Beyond relational databases Flashcards

Question 1

Q

NoSQL: birth and main features

Answer

A

Strozzi ‘98: lightweight shell based open-source RDBMS not using SQL standard.
Johan Oskarasson’s event ‘09: about recent advances on non-relational databases

Features:

No joins
Schema-less
Horizontal scalability

Question 2

Q

NoSQL comparison with SQL

Answer

A

Table based vs Document-based, key-value pairs, graph, columnar storage
Predefined schema vs Schema-less, good for unstructured/semi-structured data
Vertically vs Horizontally scalavle
SQL vs customer query languages.
Complex queries based on joins vs No standard interface to perform complex queries
Suitable for flat and structured data storage vs Complex (hierarchical) data, similar to JSON/XML

Question 3

Q

Key-value databases

Answer

A

Simplest NoSQL data store.
Match keys with values
No structured
Great performance
Easily scaled
Example: Redis, Riak, Memcached

Question 4

Q

Column-oriented databases

Answer

A

Stored data in columnar format
Column is, possibly, a complex attribute
Key-value pairs sotred and retrieved on key in a parallel system (similar to indexes)
Rows can be contructed to column values
Useful for data-warehousing: easy for example to compute the average of the votes of exams
Transparent to application
Examples: Cassanda, DynamoDB

Question 5

Q

Graph databases

Answer

A

Made up by vertex and edges
Used to store information about networks
Good fit for several real world applications
Examples: Neo4J, OrentDB

Question 6

Q

Document Databases

Answer

A

Database stores and retrieves documents
keys are mapped to documents
Documents are self-describing: include attribute and value
Has hiererchical-tree nested strctures: maps, lists, datetime
Documents are heterogenous
Examples: MongoDB, CouchDB

Question 7

Q

CouchDB

Answer

A

Document oriented database can be queried and indexed in a MapReduce fashion
Offers incremental replication and bidirectional conflict detection and resolution.
Written in Erlang: functional pl, ideal for concurrent/distributed systems. Allows for flexible design that is easily scalable.
Provides RESTful JSON API that can be accessed from any environment.

Question 8

Q

MapReduce

Answer

A

Distributed programming model
Process large data sets with parallel algorithms on a cluster of common machines.
Great for parallel jobs requiring pieces of computations to be exectued on all data records.
Data locality in MapReduce refers to the ability to move the computation close to where the actual data resides on the node, instead of moving large data to computation.
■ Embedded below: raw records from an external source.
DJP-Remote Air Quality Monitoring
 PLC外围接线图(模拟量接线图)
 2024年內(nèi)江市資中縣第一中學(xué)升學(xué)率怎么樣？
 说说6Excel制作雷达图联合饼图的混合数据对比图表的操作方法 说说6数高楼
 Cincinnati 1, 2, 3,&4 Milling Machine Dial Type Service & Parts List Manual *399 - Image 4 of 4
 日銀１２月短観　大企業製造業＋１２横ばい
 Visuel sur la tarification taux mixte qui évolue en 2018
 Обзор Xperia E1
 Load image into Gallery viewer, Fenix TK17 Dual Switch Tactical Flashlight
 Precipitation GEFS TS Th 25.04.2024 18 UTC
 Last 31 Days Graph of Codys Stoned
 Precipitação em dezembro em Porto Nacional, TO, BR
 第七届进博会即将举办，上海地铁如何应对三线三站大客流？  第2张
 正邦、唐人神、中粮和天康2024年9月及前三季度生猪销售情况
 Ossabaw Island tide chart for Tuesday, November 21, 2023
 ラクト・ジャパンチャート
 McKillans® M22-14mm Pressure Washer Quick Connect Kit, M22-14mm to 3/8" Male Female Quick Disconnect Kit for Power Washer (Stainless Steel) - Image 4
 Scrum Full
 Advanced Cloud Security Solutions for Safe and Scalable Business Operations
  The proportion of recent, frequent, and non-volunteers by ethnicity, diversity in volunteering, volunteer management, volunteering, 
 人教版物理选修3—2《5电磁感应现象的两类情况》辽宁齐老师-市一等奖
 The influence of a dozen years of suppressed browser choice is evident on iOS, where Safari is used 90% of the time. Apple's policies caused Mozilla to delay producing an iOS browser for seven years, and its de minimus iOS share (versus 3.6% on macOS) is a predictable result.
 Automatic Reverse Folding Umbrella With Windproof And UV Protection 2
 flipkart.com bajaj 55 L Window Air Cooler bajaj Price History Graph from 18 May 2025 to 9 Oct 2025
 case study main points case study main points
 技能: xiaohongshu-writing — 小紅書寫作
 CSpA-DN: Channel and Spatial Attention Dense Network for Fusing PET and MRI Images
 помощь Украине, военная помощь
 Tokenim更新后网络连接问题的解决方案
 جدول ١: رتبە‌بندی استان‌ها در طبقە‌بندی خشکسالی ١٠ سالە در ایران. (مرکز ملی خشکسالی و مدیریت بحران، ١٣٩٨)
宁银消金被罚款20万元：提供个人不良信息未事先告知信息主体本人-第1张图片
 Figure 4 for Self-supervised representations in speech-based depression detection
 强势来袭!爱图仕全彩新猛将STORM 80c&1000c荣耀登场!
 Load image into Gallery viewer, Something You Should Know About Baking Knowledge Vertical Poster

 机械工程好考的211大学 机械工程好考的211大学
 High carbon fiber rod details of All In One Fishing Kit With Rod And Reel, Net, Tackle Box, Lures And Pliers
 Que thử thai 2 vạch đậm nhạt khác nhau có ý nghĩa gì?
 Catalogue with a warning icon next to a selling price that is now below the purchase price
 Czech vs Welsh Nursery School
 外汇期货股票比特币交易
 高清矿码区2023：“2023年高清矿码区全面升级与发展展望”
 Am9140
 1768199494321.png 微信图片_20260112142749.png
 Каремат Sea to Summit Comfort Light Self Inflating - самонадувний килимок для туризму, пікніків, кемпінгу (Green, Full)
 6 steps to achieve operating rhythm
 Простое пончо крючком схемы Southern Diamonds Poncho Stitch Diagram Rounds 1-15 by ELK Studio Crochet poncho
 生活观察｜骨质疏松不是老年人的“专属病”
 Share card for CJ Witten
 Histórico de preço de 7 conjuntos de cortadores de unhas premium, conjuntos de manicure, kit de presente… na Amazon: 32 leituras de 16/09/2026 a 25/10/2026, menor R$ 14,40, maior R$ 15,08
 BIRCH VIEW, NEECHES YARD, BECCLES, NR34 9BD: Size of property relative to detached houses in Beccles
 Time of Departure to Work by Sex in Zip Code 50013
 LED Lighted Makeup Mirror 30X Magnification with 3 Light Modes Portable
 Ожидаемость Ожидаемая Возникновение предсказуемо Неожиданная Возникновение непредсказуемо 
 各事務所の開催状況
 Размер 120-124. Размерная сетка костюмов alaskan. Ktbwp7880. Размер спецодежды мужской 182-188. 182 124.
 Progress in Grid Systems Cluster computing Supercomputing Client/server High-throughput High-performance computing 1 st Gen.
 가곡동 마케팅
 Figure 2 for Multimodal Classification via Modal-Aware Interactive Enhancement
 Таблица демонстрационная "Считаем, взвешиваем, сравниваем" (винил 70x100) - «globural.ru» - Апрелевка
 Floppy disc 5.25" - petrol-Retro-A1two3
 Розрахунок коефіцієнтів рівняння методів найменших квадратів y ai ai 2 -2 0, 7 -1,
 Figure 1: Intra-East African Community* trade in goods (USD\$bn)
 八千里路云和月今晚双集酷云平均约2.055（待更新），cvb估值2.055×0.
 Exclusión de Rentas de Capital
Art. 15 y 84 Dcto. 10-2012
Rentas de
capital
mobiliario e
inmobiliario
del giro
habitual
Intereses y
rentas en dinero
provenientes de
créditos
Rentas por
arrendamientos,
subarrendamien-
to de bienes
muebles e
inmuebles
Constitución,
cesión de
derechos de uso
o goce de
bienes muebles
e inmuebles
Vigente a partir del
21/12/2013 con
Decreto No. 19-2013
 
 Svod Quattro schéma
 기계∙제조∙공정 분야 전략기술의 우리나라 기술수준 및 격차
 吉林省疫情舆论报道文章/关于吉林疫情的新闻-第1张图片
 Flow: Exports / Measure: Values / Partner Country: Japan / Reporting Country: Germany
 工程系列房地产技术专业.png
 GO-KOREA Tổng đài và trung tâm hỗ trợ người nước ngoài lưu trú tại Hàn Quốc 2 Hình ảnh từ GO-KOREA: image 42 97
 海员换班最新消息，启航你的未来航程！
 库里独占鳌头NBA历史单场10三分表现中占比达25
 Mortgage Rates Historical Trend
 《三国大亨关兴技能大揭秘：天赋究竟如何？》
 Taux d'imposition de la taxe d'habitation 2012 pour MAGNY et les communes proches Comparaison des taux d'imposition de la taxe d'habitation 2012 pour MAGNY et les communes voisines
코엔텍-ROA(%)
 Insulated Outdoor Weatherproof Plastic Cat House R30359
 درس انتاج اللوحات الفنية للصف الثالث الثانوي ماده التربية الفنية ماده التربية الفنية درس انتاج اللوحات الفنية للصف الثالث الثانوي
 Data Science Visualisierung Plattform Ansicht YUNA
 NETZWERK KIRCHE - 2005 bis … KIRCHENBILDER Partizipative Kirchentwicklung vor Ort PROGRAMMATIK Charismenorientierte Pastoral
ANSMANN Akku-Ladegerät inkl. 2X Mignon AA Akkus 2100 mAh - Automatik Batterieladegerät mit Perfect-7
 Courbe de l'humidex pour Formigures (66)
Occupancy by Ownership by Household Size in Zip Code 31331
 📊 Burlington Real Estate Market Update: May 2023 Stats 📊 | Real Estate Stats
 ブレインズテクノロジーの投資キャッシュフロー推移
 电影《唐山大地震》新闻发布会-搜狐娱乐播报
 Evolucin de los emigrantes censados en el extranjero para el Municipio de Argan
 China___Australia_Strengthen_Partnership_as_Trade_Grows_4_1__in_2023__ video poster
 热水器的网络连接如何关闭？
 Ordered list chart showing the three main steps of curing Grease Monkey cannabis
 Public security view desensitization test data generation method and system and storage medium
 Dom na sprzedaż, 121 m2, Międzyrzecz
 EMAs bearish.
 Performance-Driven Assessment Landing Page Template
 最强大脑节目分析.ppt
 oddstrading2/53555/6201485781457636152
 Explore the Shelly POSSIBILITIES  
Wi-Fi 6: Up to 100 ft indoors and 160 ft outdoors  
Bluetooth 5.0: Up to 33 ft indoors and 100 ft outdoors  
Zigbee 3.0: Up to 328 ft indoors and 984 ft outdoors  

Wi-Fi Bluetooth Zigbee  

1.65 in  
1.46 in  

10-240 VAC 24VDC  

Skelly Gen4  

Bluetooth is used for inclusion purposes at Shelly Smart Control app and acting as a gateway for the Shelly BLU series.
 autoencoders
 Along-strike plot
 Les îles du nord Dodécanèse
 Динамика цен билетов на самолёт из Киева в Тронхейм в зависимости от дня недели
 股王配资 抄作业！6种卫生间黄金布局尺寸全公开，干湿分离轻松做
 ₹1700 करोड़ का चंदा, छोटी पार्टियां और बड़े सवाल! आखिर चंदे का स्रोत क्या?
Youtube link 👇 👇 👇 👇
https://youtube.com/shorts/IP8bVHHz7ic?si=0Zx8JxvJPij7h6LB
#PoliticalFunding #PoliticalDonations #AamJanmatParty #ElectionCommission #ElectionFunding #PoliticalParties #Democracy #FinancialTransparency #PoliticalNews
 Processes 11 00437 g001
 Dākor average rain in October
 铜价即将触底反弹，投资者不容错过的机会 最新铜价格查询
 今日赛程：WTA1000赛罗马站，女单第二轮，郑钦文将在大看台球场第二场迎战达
This minimizes network congestion and increases the overall throughput of the system.

Map function:

Describes what values to extract from a single document

Reduce function:

Describes what to do with a list of values associated with the same key
Returns just one value
Multiple levels of reduce are possible

Question 9

Q

CouchDB views

Answer

A

Is the only way to query CouchDB
Produced by MapReduce
Predefined view for each db has
- document ID as key
- whole document as value
- no reduce
Views are materialized as values sorted by key
- this allows the same db to have multiple primary indexes
When writing CouchDB map functions, the primary goal is to build an index that stores related data under nearby index.

Question 10

Q

Replication

Answer

A

Portion of the whole dataset (chunks) in different places
Goals:
- Redundancy help surviving failures (availability)
- Better performance
Approaches:
- Master-slave replication
- A-synchronous replication

Question 11

Q

Master-slave replication

Answer

A

Master server takes all the writes, updates, inserts
One or more Slave servers take all the reads
Master is a single point of failure
CouchDB supports Master-Master Replication

Question 12

Q

Synchronous/Asynchronous replication

Answer

A

Synchronous

Before committing a transaction, master waits for all the slaves to commit
Similar to 2PC
Performance killer
Trade-off: wait for a subset of slaves to commit (majority of them)

Asynchronous

Master commits locally, it does not wait for any slave
Each slave independently fetches updates from master, which may fail:
- if no slave has replicated, then you’ve lost the data
- if some slaves have replicated you’ve to reconcile
Faster and unreliable

Question 13

Q

Key features of distributed databases

Answer

A

Consistency
- all the databases provide the same data
Availability
- failures don’t prevent survivors from continuiing to operate
Partition tolerance
- systems continues to work despite arbitrary message loss, when connectivity failures cause network partitions

Question 14

Q

CAP Theorem

Answer

A

Also known as Brewer’s theorem, states that it is impossible for distributed systems to provide all three features at the same time.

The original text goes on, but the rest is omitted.